EXERCISE: Only the lines from the one bearing "儿童安全游戏帐篷户内外适用游戏帐篷户外便携帐篷游乐帐篷免搭" through the end of the listing belong in your response, restated word for word and without pictures.

RECORD SET:
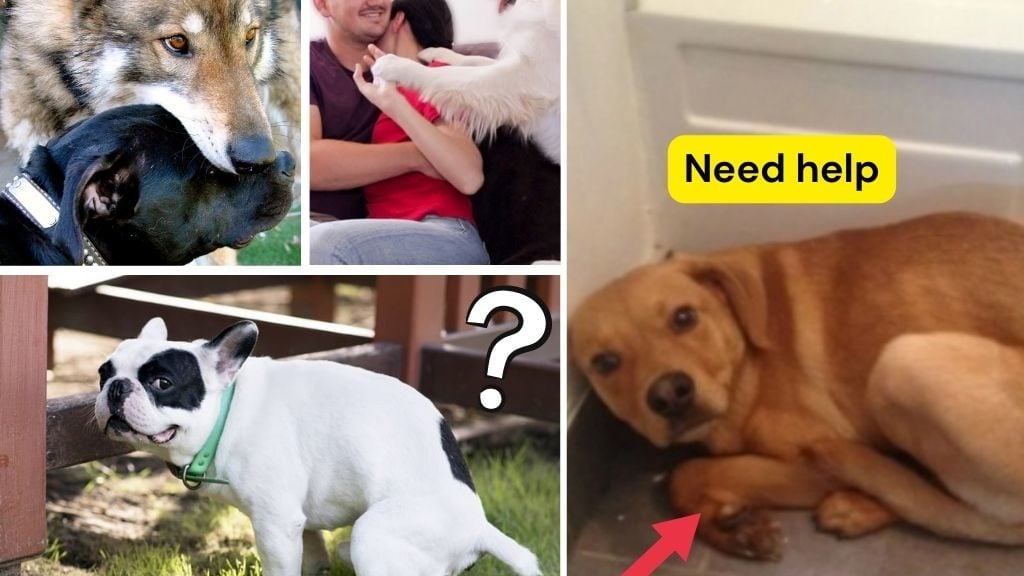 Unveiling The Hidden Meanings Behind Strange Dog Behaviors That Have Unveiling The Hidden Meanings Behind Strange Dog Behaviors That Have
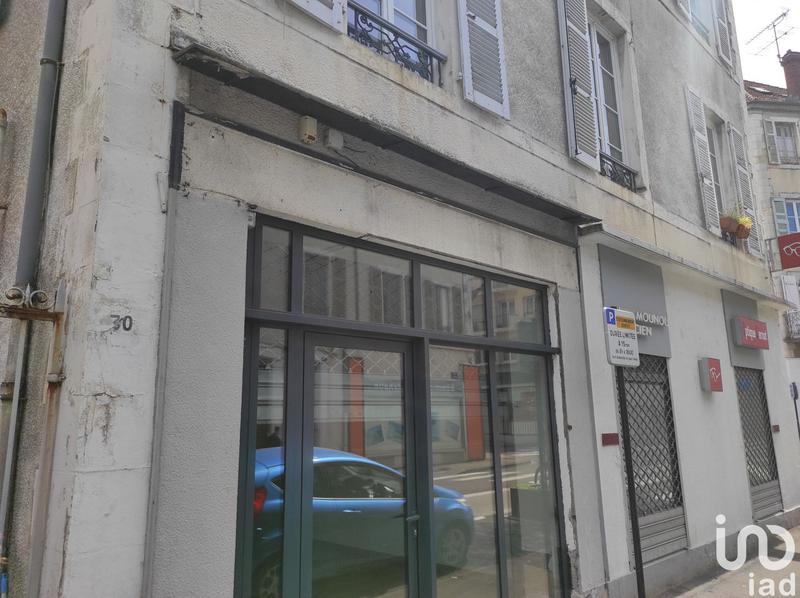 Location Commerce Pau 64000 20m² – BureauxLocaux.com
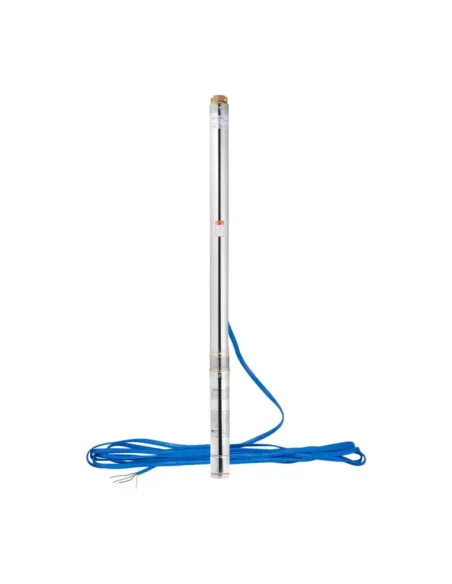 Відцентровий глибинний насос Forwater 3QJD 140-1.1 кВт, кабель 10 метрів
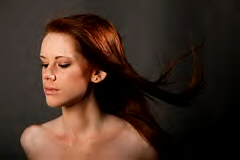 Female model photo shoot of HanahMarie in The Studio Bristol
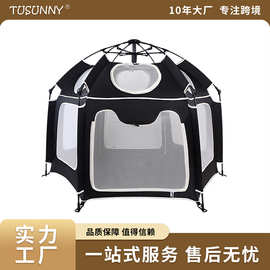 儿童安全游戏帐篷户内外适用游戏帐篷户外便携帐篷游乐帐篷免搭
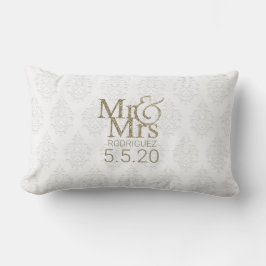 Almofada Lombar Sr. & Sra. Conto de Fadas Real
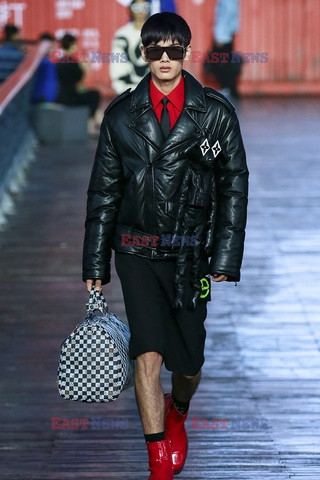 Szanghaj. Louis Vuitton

RESPONSE:
 儿童安全游戏帐篷户内外适用游戏帐篷户外便携帐篷游乐帐篷免搭
 Almofada Lombar Sr. & Sra. Conto de Fadas Real
 Szanghaj. Louis Vuitton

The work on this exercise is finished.